Clara assumes the aspiration of someday meeting the pioneer reggaetoneras of past eras, although she reveals a particular self-consciousness when picturing the possibility those encounters becoming real. “I’m European and I fear them saying that I’m culturally appropriating their music. It’s really important for me to make it clear about where this music comes from so not to look like that we created this or that we’re here to save these artists from anything. I really respect them and I don’t have any intentions of appropriating anything – this is their music. And I don’t know what it’s like to live in Puerto Rico, for instance, so we have different lives and points-of-view on things like feminism. So if I’m to produce something on the lines of reggaeton, it will be through my perspectives.

While Clara confesses that beatmaking is an art she has yet to grasp, she recently gave a shot at singing on the EP ‘Meneo’, which resulted from a collaboration with Brussels based producer Maoupa. “It’s really hard to be objective with our voice, you’re always doubting that it will sound good,” she says. “But people liked it, so we kept on going with it and I ended up enjoying the process.

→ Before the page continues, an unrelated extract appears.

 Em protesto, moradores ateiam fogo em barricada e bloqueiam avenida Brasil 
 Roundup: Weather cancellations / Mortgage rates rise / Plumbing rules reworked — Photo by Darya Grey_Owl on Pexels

Reggaeton has been riding an ascending curve in recent times. Artists like J-Balvin or Bad Bunny are awakening the masses to the scene, but Clara mentions singers like Karol G or the more indie Bad Gyal and Tomasa del Real as female voices levelling out the field on their own terms. In a climate where more female and LGBTQ+ artists are seemingly bound to emerge (on her last mixtape, she included a track by the trans artist La Bori), Clara is broadening her research to also include producers. And with her plans firmly set on releasing more mixtapes in the near future, she’s definitely one to keep under the radar throughout this year as she further explores her aesthetics against the patriarchal backdrop of her sonic references.

I just want to showcase that women can sing about whatever they like, that men can dance in a music video and be sexualized or even highlight woman-on-woman or man-on-man,” she says, her gentle voice tone turning lively. “I can’t change the world, but I’m humbly trying to make a difference.